■ Provided data ■
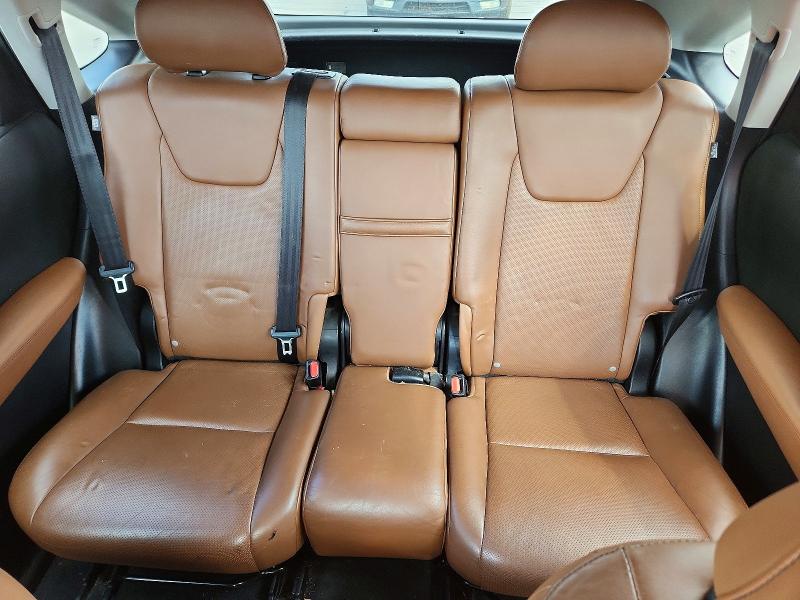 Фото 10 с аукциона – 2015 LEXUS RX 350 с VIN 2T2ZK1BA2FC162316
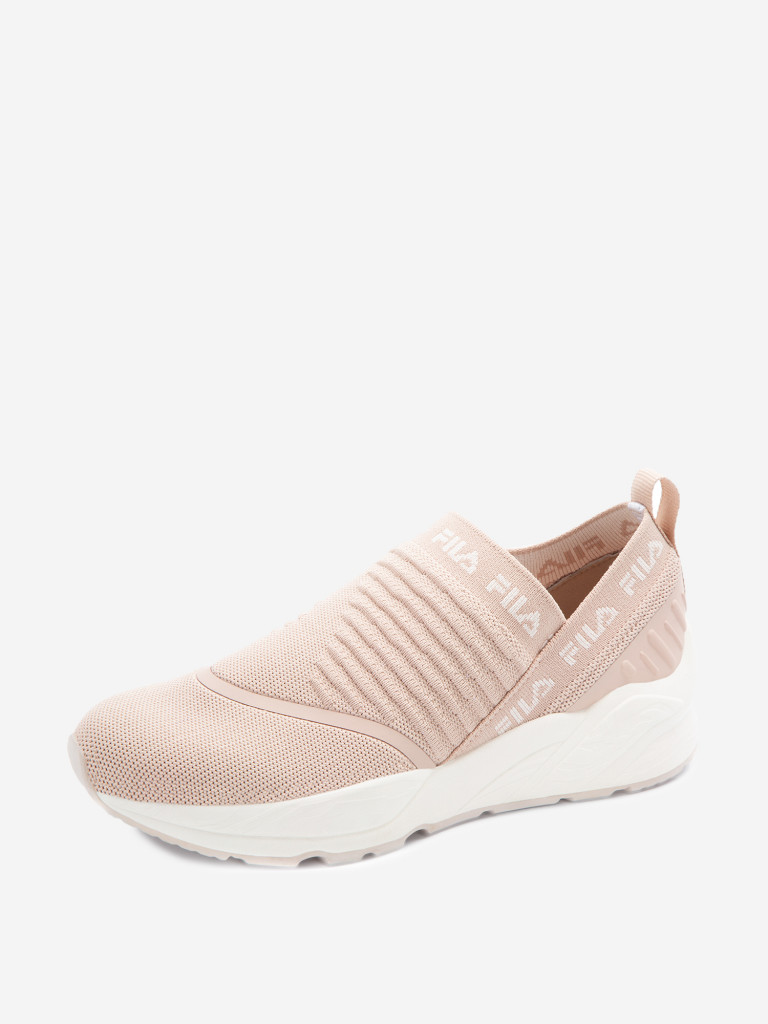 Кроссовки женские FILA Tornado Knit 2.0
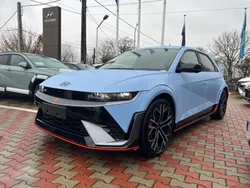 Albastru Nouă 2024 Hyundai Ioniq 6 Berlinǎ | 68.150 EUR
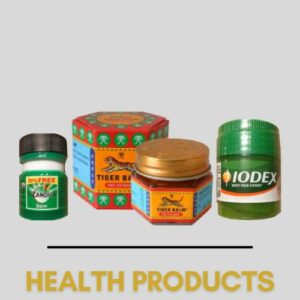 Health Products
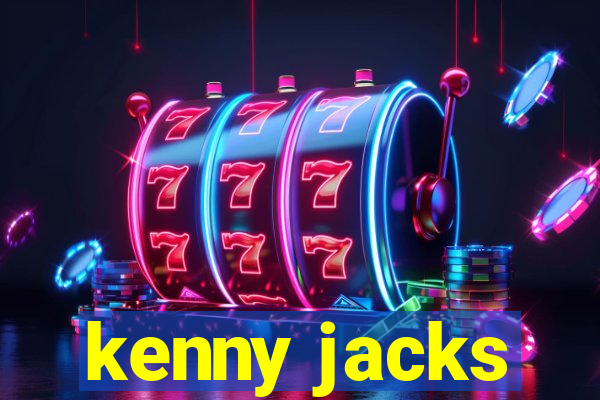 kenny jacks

■ Task description ■
Return the entries above exactly as they appear. Pictures should not be copied.

■ Worked solution ■
 Фото 10 с аукциона – 2015 LEXUS RX 350 с VIN 2T2ZK1BA2FC162316
 Кроссовки женские FILA Tornado Knit 2.0
 Albastru Nouă 2024 Hyundai Ioniq 6 Berlinǎ | 68.150 EUR
 Health Products
 kenny jacks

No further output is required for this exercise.